What does tea symbolize in Chinese culture? This question may seem like a silly one, but a look at the tea ritual in China makes it abundantly clear that its meaning can be applied to a great many events and circumstances. Tea, more than any other plant, serves to symbolize the mystery and enlightenment, two of the most important ideals to which the Chinese are devoted.
In Chinese culture, tea itself is treated with respect. Unlike coffee, which is often stirred and decaffeinated, tea has an elegant flavor that is best left to be enjoyed slowly. Tea is served both hot and cold, so that it can be enjoyed by anyone who happens to be sitting by.
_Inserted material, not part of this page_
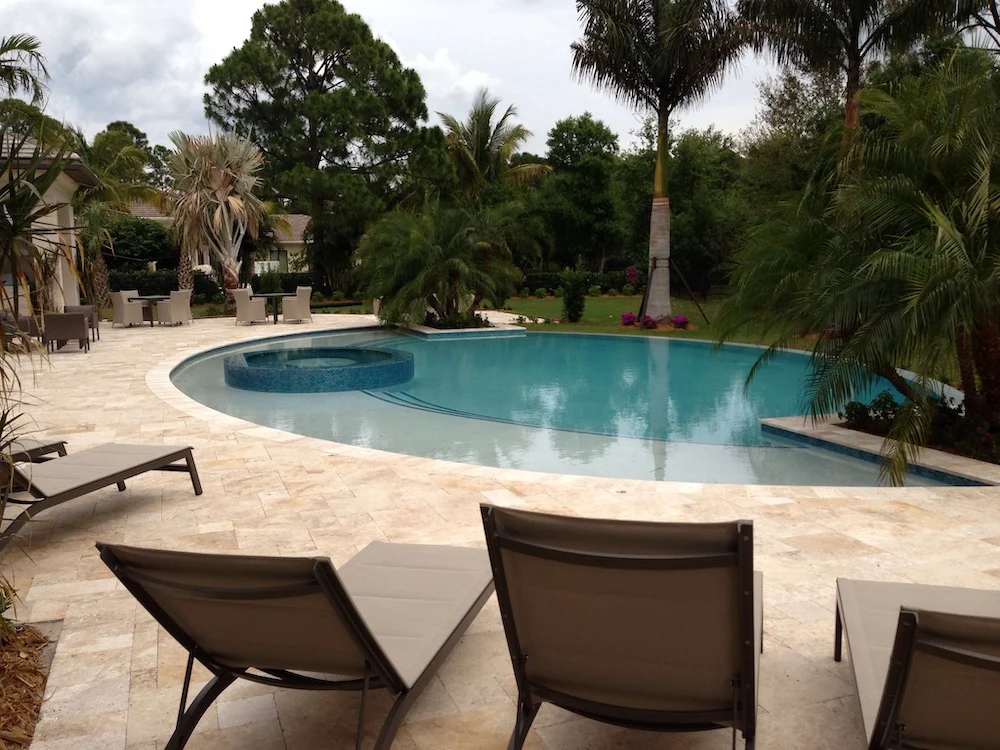Freeform backyard pool with a round raised spa surrounded by travertine deck and lounge chairs, framed by palm trees.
Tea is also used to facilitate important events in Chinese society, such as funerals and weddings. As part of the ritual, the tea will be served to the guests, which act as a sort of cleansing ceremony, purifying the cup in the name of heaven and good health.
While the specifics of this symbolism vary from one region to another, there are a few basics that are shared by all traditions. The steaming hot tea leaves are often broken into smaller particles to order to make the beverage denser and more bitter, and this practice is thought to be what caused the early Chinese to refer to the China Tea bag as "tea dust". The use of a tea bag is also seen at weddings, when the bride and groom pour boiling water over their tea leaves, a symbolic act of washing away all previous sins. At funerals, where the body is not cremated, the funeral procession carries a basket of tea leaves along with the deceased person's favorite cup of tea, symbolizing a hope of revival and everlasting life.